* _RAW DATA_
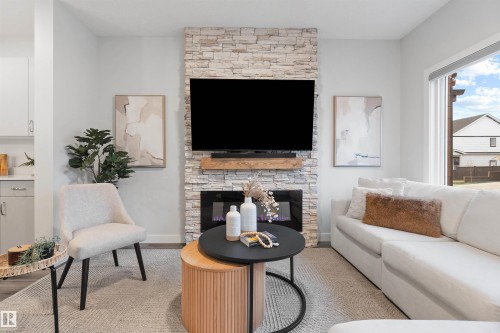 18955 29 Avenue, Edmonton, AB - Indoor Photo Showing Living Room With Fireplace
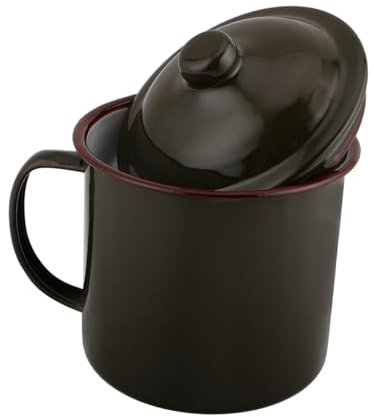 Abaodam Emaillebecher Grün Im Vintage-stil Mit Deckel Für Camping Und Outdoor-aktivitäten Fassungsvermögen Als Teetasse Oder Trinkbecher Für Reisen Und Zuhause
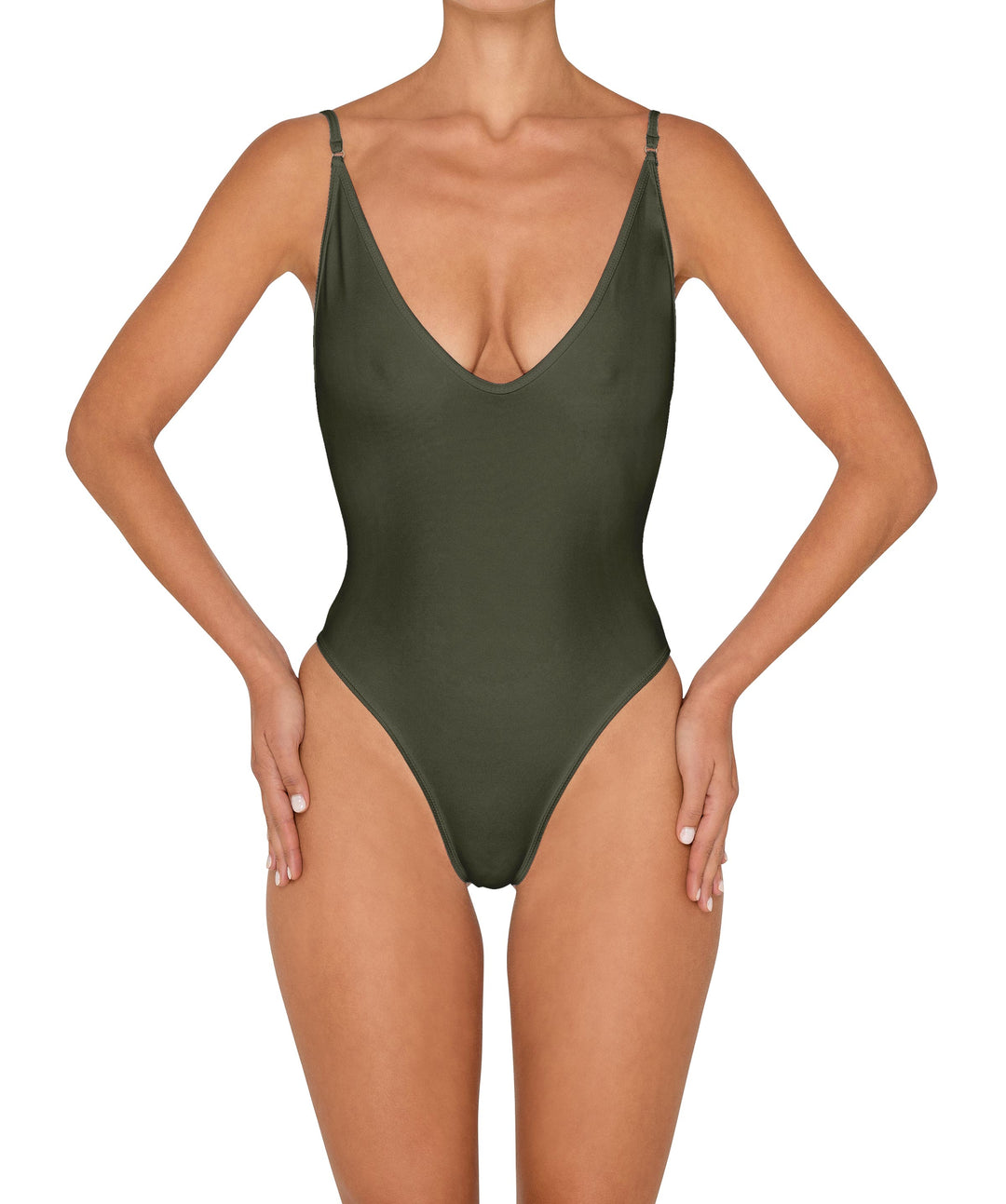 BSWS-S84 Binded Plunge Neck One Piece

* _TASK BRIEF_
Set down all of the material above exactly as written, leaving the pictures out.

* _SOLUTION FOR THIS EXERCISE_
 18955 29 Avenue, Edmonton, AB - Indoor Photo Showing Living Room With Fireplace
 Abaodam Emaillebecher Grün Im Vintage-stil Mit Deckel Für Camping Und Outdoor-aktivitäten Fassungsvermögen Als Teetasse Oder Trinkbecher Für Reisen Und Zuhause
 BSWS-S84 Binded Plunge Neck One Piece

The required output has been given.